# vim: ts=8 sw=2 sts=0 noexpandtab:
# $Id$
HACKING Devel::NYTProf
======================
We encourage hacking Devel::NYTProf!
OBTAINING THE CURRENT RELEASE
-----------------------------
The current official release can be obtained from CPAN
http://search.cpan.org/dist/Devel-NYTProf/
OBTAINING THE LATEST DEVELOPMENT CODE
-------------------------------------
You can grab the head of the latest trunk code from the Google Code repository, see
http://code.google.com/p/perl-devel-nytprof/source/checkout
CONTRIBUTING
------------
Please work with the latest code from the repository - see above.
Small patches can be uploaded via the issue tracker at
http://code.google.com/p/perl-devel-nytprof/issues/list
For larger changes please talk to us first via the mailing list at
http://code.google.com/p/perl-devel-nytprof/source/checkout
When developing, please ensure that no new compiler warnings are output.
TESTING
-------
Please try to add tests covering any changes you make.
You can run individual tests like this:
perl -Mblib t/30-util.t
Most tests include some underlying perl code that's being profiled.
Either as a .p file, which can be profiled like this:
perl -Mblib -MDevel::NYTProf t/test01.p
or embedded at the end of a t/*.t file, which can be profiled like this:
perl -Mblib -MDevel::NYTProf -x t/70-subname
The output will be in the ./nytprof.out file.
RESOURCES
---------
Google Code:
http://code.google.com/p/perl-devel-nytprof/
Google Devel Group (must subscribe here):
http://groups.google.com/group/develnytprof-dev
NYTimes Open Code Blog:
http://open.nytimes.com/
TODO (unsorted, unprioritized, unconsidered, even unreasonable and daft :)
----
*** For build/test
Add (very) basic nytprofhtml test (ie it runs and produces output)
Add tests for evals in regex: s/.../ ...perl code... /e
Add tests for -block and -sub csv reports.
Add tests with various kinds of blocks and loops (if, do, while, until, etc).
Add mechanism to specify inside the .p file that NYTProf
should not be loaded via the command line. That's needed to test
behaviors in environments where perl is init'd first. Such as mod_perl.
Then we can test things like not having the sub line range for some subs.
*** For core only
See MemoryProfiling.pod file
Store raw NYTPROF option string in the data file.
Include parsed version in report index page.
Add actual size and mtime of fid to data file. (Already in data file as zero,
just needs the stat() call.) Don't alter errno.
Add help option which would print a summary of the options and exit.
Could also print list of available clocks for the clock=N option
(using a set of #ifdef's)
The subroutine profiler could calculate the running variance of the samples
using this logic http://www.johndcook.com/standard_deviation.html
so the reports can display the standard deviation.
Replace DB::enable_profiling() and DB::disable_profiling() with $DB::profile = 1|0;
That a more consistent API with $DB::single etc., but more importantly it lets
users leave the code in place when NYTProf is not loaded. It'll just do nothing,
whereas currently the user will get a fatal error if NYTProf isn't loaded.
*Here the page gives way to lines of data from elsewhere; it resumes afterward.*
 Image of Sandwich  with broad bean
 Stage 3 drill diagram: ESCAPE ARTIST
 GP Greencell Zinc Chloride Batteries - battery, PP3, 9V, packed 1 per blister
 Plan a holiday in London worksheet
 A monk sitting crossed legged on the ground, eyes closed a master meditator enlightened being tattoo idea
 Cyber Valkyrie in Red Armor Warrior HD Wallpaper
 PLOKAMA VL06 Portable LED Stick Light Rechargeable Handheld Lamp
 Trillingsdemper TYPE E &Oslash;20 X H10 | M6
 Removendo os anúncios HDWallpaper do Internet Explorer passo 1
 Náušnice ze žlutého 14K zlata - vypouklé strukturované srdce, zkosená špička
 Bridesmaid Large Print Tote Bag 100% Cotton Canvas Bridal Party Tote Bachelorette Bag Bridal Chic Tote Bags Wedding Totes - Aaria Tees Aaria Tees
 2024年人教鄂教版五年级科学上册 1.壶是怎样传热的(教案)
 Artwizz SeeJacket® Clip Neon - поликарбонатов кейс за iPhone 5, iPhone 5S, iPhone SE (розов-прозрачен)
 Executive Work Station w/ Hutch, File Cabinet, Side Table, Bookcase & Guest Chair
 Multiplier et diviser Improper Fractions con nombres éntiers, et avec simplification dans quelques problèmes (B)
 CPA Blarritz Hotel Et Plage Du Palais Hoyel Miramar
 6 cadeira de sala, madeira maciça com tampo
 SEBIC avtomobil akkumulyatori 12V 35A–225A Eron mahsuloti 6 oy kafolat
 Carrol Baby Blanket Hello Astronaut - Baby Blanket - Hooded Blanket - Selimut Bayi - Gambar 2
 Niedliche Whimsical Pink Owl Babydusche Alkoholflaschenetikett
It also allows smart things like use of local() for temporary overrides.
Combine current profile_* globals into a single global int using bit fields.
That way assigning to $DB::profile can offer a finer degree of control.
Specifically to enable/disable the sub or statement profiler separately.
Add mechanism to enable control of profiling on a per-sub-name and/or
per-package-name basis. For example, specify a regex and whenever a sub is
entered (for the first time, to make it cheap) check if the sub name matches
the regex. If it does then save the current $DB::profile value and set a new one.
When the sub exits restore the previous $DB::profile value.
Work around OP_UNSTACK bug (http://rt.perl.org/rt3/Ticket/Display.html?id=60954)
while ( foo() ) { # all calls to foo should be from here
...
... # no calls to foo() should appear here
}
*** For core and reports
Add @INC to data file so reports can be made more readable by removing
(possibly very long) library paths where appropriate.
Tricky thing is that @INC can change during the life of the program.
One approach might be to output it whenever we assign a new fid
but only if different to the last @INC that was ouput.
Add marker with timestamp for phases BEGIN, CHECK, INIT, END
(could combine with pid marker)
Add marker with timestamp for enable_profile and disable_profile.
Could also dump-and-zero the sub profiler data so we could report per-phase timing.
The goals here are to
a) know how long the different phases of execution took mostly for general interest, and
b) know how much time was spent with the profiler enabled to calculate accurate
percentages and also be able to spot 'leaks' in the data processing (e.g. if
the sum of the statement times don't match the time spent with the profiler
enabled, due to nested string evals for example).
Add flags to sub call info to indicate what phase (BEGIN, etc) the call
happened in. That'll allow call graphs to ignore BEGIN-time calls
(which tend to make graphviz output too noisy to be useful).
*** For reports only
::Reader and its data structures need to be refactored to death.
The whole reporting framework needs a rewrite to use a single 'thin' command
line and classes for the Model (lines, files, subs), View (html, csv etc),
and Controller (composing views to form reports).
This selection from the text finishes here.